Moffat: "middle age will not define The Doctor"

The Times has interviewed current showrunner Steven Moffat in which he chats about Doctor Who, the new series and Peter Capaldi, you can find the full interview HERE. When asked about the influence the show has on creative people, he says:
“It is no exaggeration, nor a lie, nor a fairytale to say that many people have become writers because they wanted to write Doctor Who. Here is the most hilarious thing: there are scientists who got into science because they love Doctor Who."
Broaching the fact that Peter Capaldi has bucked the trend in actors playing Doctor Who getting younger, Moffat commented:
“Logically, and I hesitated to apply logic to Doctor Who, regenerating younger is what Doctors should be doing.” 
On the writing process and making television shows, the writer behind the first episode of Doctor Who Series 8, Deep Breath, stated:
"you come up with a new idea and it works, and it’s great, but you have to watch for the moment where you’re just repeating that idea, when inspiration degrades into reflex.
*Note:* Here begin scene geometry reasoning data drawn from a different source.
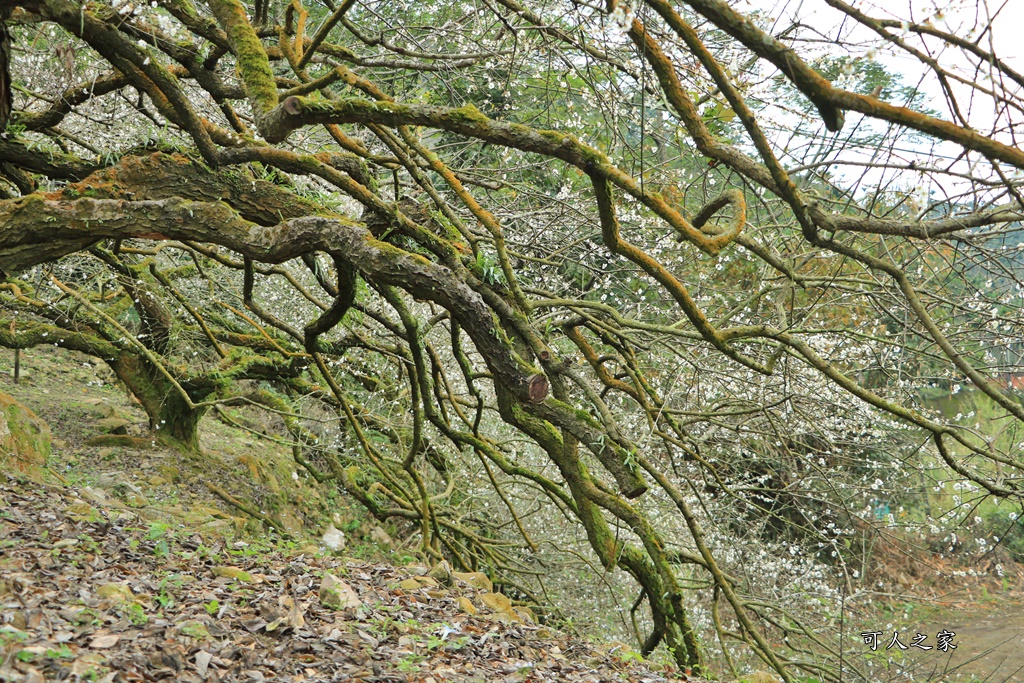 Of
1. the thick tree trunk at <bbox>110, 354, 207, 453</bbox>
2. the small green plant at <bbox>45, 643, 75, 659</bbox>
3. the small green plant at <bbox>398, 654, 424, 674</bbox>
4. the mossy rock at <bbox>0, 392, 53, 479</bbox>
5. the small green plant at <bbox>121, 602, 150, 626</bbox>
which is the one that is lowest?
the small green plant at <bbox>45, 643, 75, 659</bbox>

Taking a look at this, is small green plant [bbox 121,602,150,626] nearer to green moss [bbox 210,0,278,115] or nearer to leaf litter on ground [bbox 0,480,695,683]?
leaf litter on ground [bbox 0,480,695,683]

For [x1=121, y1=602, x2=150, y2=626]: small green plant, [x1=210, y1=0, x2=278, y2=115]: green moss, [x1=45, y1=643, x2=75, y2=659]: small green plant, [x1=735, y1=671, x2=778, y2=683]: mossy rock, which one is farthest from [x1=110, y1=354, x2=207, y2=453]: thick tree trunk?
[x1=735, y1=671, x2=778, y2=683]: mossy rock

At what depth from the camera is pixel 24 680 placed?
8.86ft

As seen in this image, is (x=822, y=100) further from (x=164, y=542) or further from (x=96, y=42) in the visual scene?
(x=164, y=542)

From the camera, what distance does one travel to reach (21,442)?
6020 mm

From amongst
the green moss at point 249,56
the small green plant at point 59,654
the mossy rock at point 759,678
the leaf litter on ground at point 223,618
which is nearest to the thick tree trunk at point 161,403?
the leaf litter on ground at point 223,618

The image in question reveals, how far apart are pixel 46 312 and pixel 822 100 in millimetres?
6380

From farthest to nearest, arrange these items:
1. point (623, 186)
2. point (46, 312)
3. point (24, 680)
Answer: point (46, 312)
point (623, 186)
point (24, 680)

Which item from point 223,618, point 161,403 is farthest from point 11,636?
point 161,403

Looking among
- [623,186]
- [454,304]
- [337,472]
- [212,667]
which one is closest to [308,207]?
[454,304]

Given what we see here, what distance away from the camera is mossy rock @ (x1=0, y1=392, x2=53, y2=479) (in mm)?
5707

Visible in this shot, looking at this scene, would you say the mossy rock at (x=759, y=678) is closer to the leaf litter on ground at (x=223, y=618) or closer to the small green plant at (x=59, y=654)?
the leaf litter on ground at (x=223, y=618)

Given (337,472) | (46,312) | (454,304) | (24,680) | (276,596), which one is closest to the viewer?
(24,680)

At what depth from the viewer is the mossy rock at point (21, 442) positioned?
18.7 feet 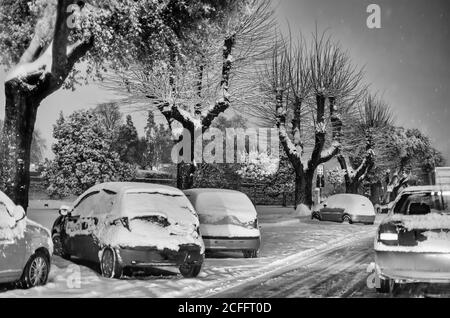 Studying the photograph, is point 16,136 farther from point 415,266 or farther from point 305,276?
point 415,266

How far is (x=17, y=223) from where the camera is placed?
27.9 ft

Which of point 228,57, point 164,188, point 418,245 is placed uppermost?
point 228,57

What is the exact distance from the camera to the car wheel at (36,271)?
860 centimetres

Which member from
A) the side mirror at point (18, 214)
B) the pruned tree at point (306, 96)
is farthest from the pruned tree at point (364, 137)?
the side mirror at point (18, 214)

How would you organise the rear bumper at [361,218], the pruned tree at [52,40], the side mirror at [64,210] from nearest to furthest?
the side mirror at [64,210] → the pruned tree at [52,40] → the rear bumper at [361,218]

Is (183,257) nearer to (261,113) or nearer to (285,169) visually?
(261,113)

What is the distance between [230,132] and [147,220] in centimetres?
4472

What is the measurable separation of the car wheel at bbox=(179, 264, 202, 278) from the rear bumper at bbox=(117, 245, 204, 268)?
0.38 metres

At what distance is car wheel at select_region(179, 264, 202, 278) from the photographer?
1060cm

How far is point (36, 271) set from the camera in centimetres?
884

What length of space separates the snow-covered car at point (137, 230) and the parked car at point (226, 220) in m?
2.63

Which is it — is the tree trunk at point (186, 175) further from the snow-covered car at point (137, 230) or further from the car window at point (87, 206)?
the snow-covered car at point (137, 230)

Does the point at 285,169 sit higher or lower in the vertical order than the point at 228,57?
lower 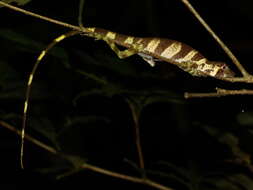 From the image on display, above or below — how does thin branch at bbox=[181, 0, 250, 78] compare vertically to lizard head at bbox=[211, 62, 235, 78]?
above

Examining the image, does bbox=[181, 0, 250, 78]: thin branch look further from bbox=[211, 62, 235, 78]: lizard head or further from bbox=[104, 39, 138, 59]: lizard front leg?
bbox=[211, 62, 235, 78]: lizard head

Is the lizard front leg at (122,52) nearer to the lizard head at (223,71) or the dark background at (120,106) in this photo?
the lizard head at (223,71)

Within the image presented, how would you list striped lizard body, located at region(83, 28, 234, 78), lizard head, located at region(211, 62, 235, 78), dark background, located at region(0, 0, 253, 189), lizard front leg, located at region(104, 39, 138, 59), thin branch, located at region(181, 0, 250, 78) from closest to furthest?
thin branch, located at region(181, 0, 250, 78) < lizard front leg, located at region(104, 39, 138, 59) < striped lizard body, located at region(83, 28, 234, 78) < lizard head, located at region(211, 62, 235, 78) < dark background, located at region(0, 0, 253, 189)

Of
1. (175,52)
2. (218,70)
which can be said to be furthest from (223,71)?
(175,52)

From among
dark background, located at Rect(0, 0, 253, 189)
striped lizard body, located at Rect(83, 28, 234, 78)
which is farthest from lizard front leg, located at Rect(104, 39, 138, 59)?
dark background, located at Rect(0, 0, 253, 189)

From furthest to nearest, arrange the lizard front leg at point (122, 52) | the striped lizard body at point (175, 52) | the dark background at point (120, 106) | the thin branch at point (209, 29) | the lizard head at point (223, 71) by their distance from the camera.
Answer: the dark background at point (120, 106)
the lizard head at point (223, 71)
the striped lizard body at point (175, 52)
the lizard front leg at point (122, 52)
the thin branch at point (209, 29)

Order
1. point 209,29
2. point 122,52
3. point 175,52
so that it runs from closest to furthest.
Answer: point 209,29 → point 122,52 → point 175,52

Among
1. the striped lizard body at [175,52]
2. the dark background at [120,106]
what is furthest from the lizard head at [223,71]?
the dark background at [120,106]

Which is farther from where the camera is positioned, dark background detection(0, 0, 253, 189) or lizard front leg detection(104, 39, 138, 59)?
dark background detection(0, 0, 253, 189)

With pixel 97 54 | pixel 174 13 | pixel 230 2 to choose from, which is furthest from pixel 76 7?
pixel 97 54

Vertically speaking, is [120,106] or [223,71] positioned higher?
[223,71]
It happened on every TV show I’ve ever worked on and every TV show I’ve ever watched. You just think, ‘Hang on. We’re not doing that because it’s new anymore, or clever, or right. We’re doing it because we know it works’ — which, bizarrely, is sensible, but not scary or interesting.”
When asked if he felt the need to dramatically change the character of The Doctor with Peter Capaldi, Moffat told The Times that middle age will not define The Twelfth Doctor, observing:
“Every character trait demonstrated in that first episode you could find in Matt Smith’s Doctor and David Tennant’s Doctor and Peter Davison’s Doctor. They’re all there. It’s where you slide the fader. Underneath the abrasive and difficult Peter Capaldi is, of course, a deeply lovely man who would be your best and loyalest friend in the whole universe, just as underneath the adorable Matt Smith Doctor, there’s a cold old soul who, if required, can do dangerous and terrible things.” 
Dealing with the issues that Series 8 and Peter Capaldi's Doctor will be "darker" in tone, Steven pointed out:
Doctor Who, first of all, does blow up planets quite regularly, so it is quite dark. It is also an early evening adventure serial so it’s also only as dark as that. We’ve done very dark before. The 50th was very dark: he was debating genocide with himself. I think it’s just slightly lazy journalism, dare I say? ‘We can hang it on that peg! He’s going to be the dark one.’ The Doctor is the same amount dark as he ever was, a man who absolutely capable of making terrible decisions."
Director Ben Wheatley (Deep Breath and Into the Dalek) agrees, telling The Times:
“If you look back, a lot of the Smith ones were quite dark and so were a lot of the Tennant ones. The Girl Who Waited was particularly so. No, I think the change is more to do with pacing. Moffat seems to be stretching his legs a bit with the script. They are taking their time, ironing out the narratives so they are not so compressed. It is true that Capaldi is a serious person when you talk to him and that has come through in the way he plays the character. He is a heavyweight. You look at him and know he does not suffer fools gladly whereas other Doctors might have indulged them.”